(Information given begins)
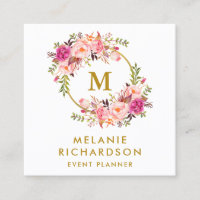 Elégant aquarelle rose Floral or Monogramme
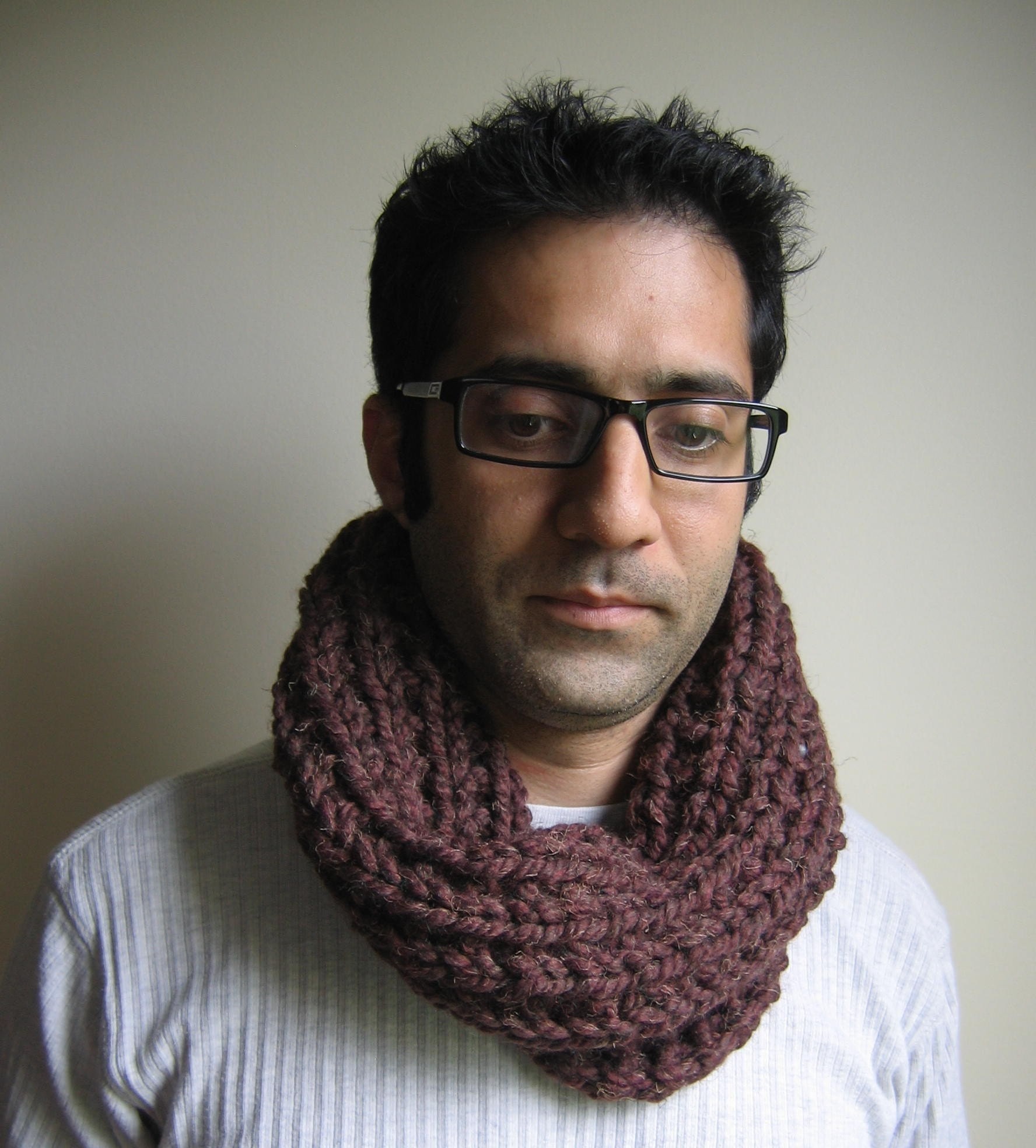 The Urbane Man knit cowl- Brown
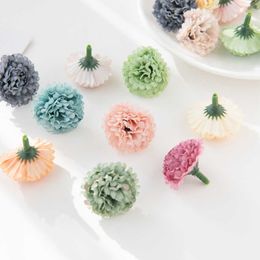 Dried Flowers 100Pcs Artificial Hydrangea Wedding Christmas Headdress Wreath Diy Candy Box Home Room Decor Silk Carnation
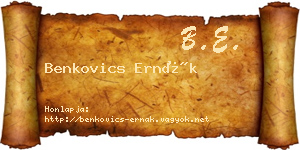 Benkovics Ernák névjegykártya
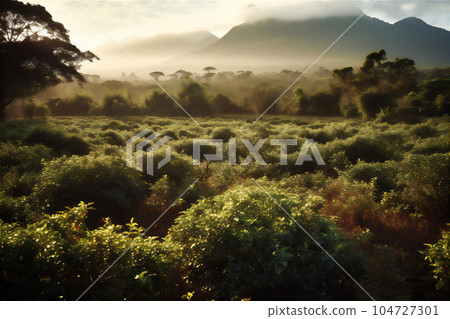 AI generative image of coffee plantation in Kenya 104727301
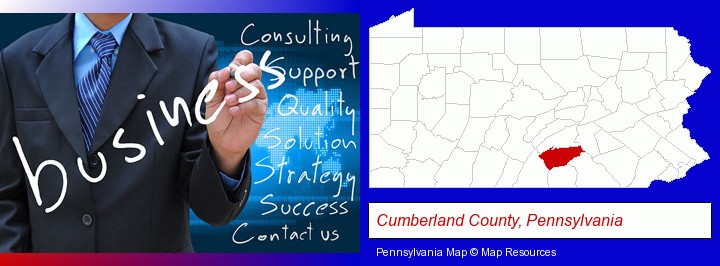typical business services and concepts; Cumberland County, Pennsylvania highlighted in red on a map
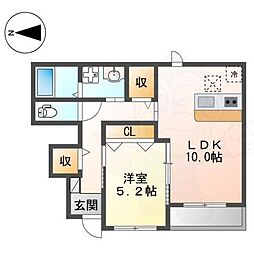アミカル 1LDKの間取図画像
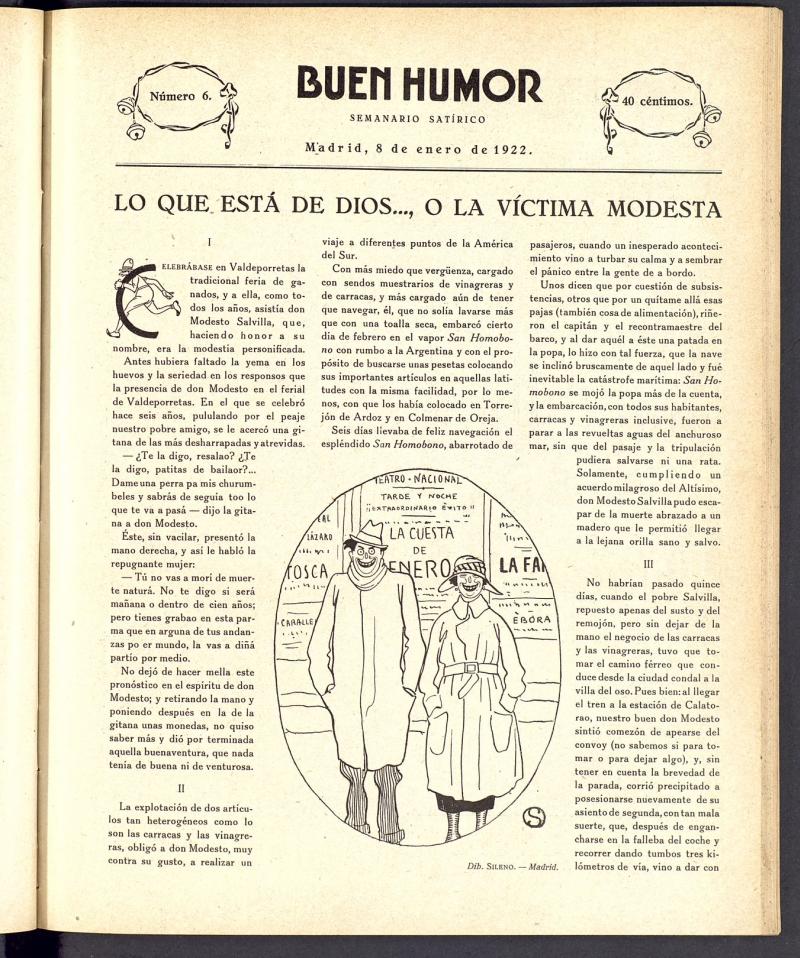 Buen Humor: semanario satrico. 8 de Enero de 1922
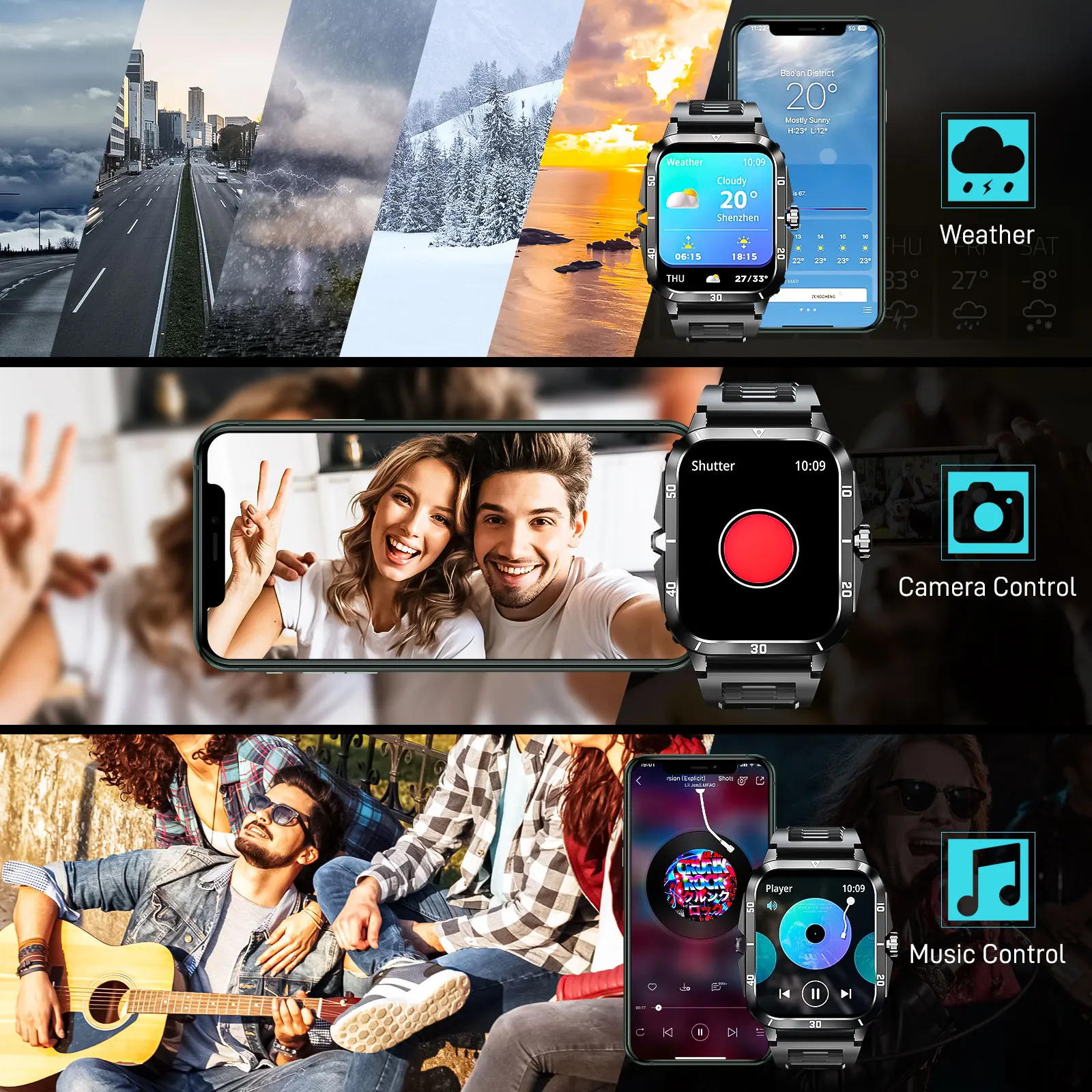 EIGIIS Smart Watch 3ATM Waterproof 1.96" IPS Screen Military KT71 Men 100+ Sport Mode Heart Rate Blood Pressure Bluetooth Call - Image 6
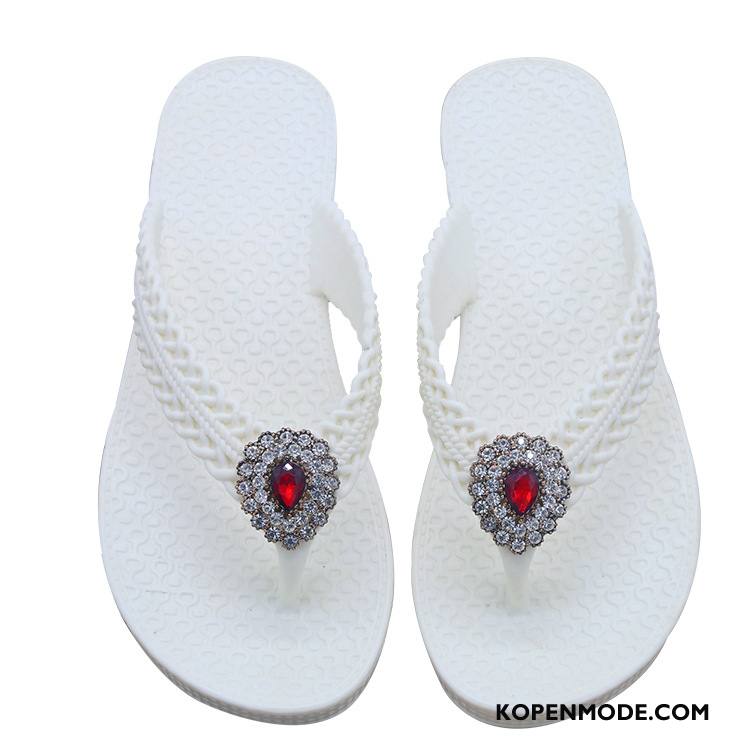 Slippers Dames Vrouwen Met Strass Pantoffels Schoenen Antislip Wit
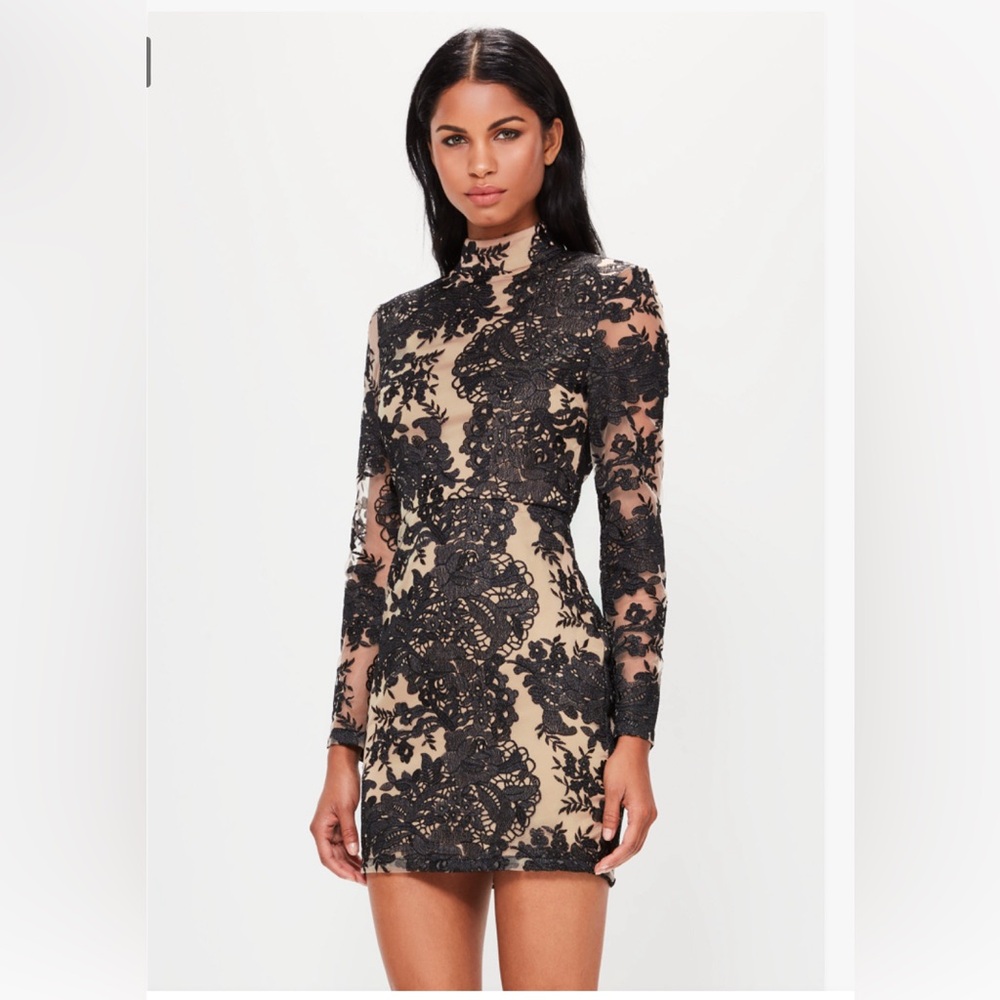 Peace + Love Missguided high neck black lace shift dress size 6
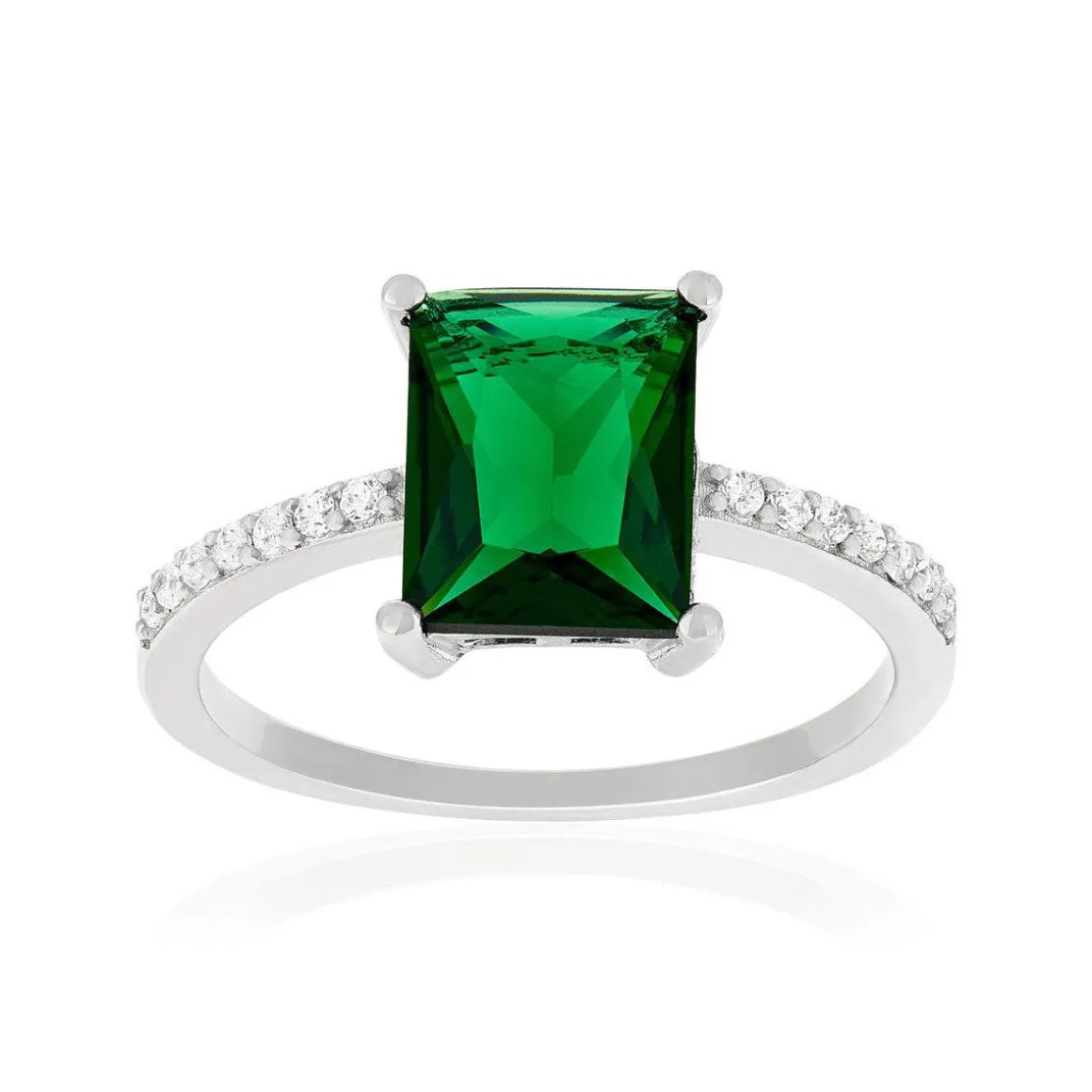 Bague argent 925 pierre synthétique verte et zirconias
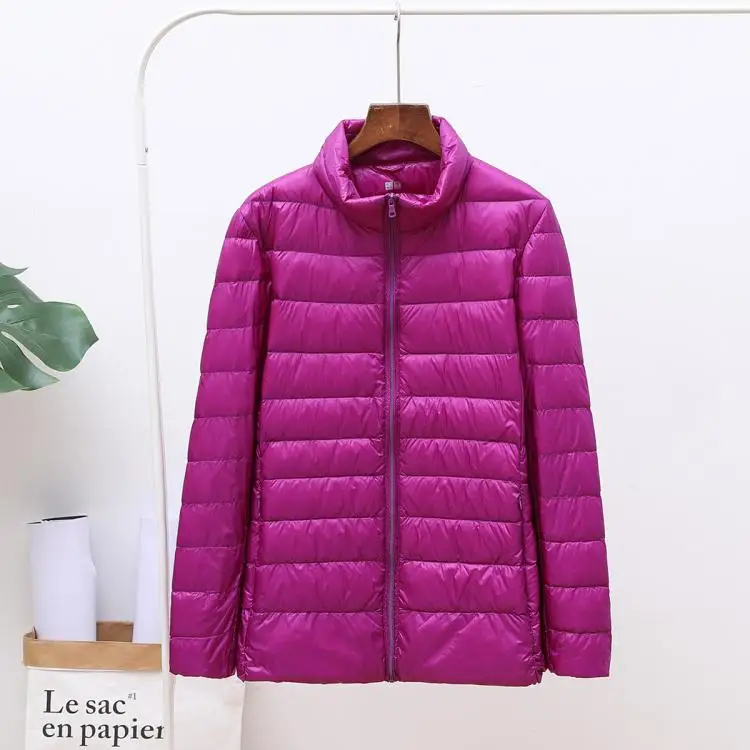 style2 purple Ультра легкие куртки на утином пуху 90%, Женское зимнее пальто с капюшоном, теплая тонкая куртка с длинными рукавами 8XL, большие размеры, Женская Куртка jaqueta feminina - Цвет: style2 purple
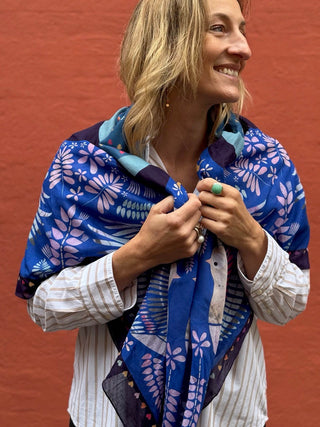 Bomuldstørklæde, Love Dove, Blue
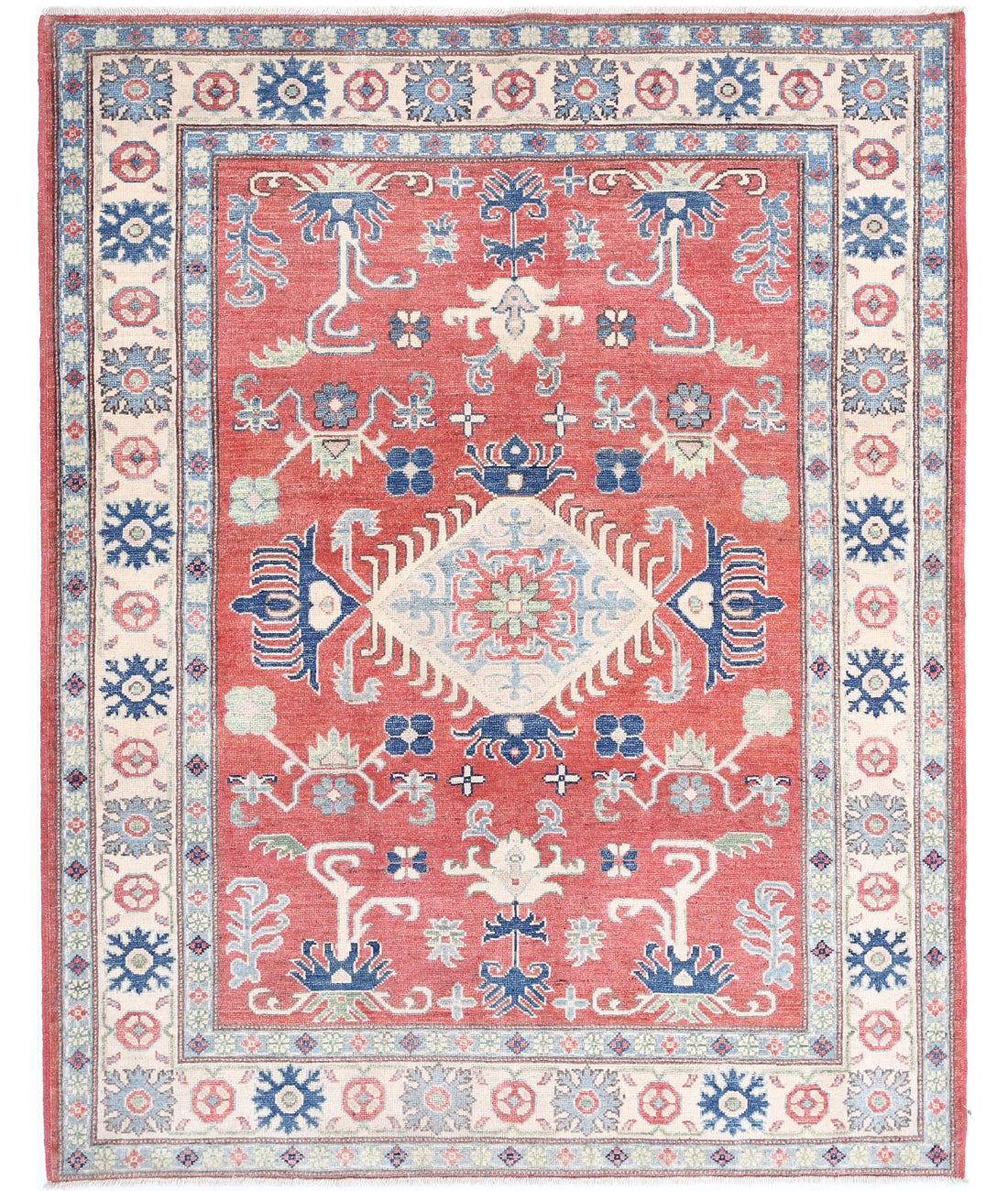 Hand Knotted Tribal Kazak Wool Rug - 5'0'' x 6'4'' 5'0'' x 6'4'' (150 X 190) / Red / Ivory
(Information given ends)
The answer must consist of the entries above, reproduced word for word, without any pictures.

 Elégant aquarelle rose Floral or Monogramme
 The Urbane Man knit cowl- Brown
 Dried Flowers 100Pcs Artificial Hydrangea Wedding Christmas Headdress Wreath Diy Candy Box Home Room Decor Silk Carnation
 Benkovics Ernák névjegykártya
 AI generative image of coffee plantation in Kenya 104727301
typical business services and concepts; Cumberland County, Pennsylvania highlighted in red on a map
アミカル 1LDKの間取図画像
 Buen Humor: semanario satrico. 8 de Enero de 1922
 EIGIIS Smart Watch 3ATM Waterproof 1.96" IPS Screen Military KT71 Men 100+ Sport Mode Heart Rate Blood Pressure Bluetooth Call - Image 6
 Slippers Dames Vrouwen Met Strass Pantoffels Schoenen Antislip Wit
 Peace + Love Missguided high neck black lace shift dress size 6
 Bague argent 925 pierre synthétique verte et zirconias
 style2 purple Ультра легкие куртки на утином пуху 90%, Женское зимнее пальто с капюшоном, теплая тонкая куртка с длинными рукавами 8XL, большие размеры, Женская Куртка jaqueta feminina - Цвет: style2 purple
 Bomuldstørklæde, Love Dove, Blue
 Hand Knotted Tribal Kazak Wool Rug - 5'0'' x 6'4'' 5'0'' x 6'4'' (150 X 190) / Red / Ivory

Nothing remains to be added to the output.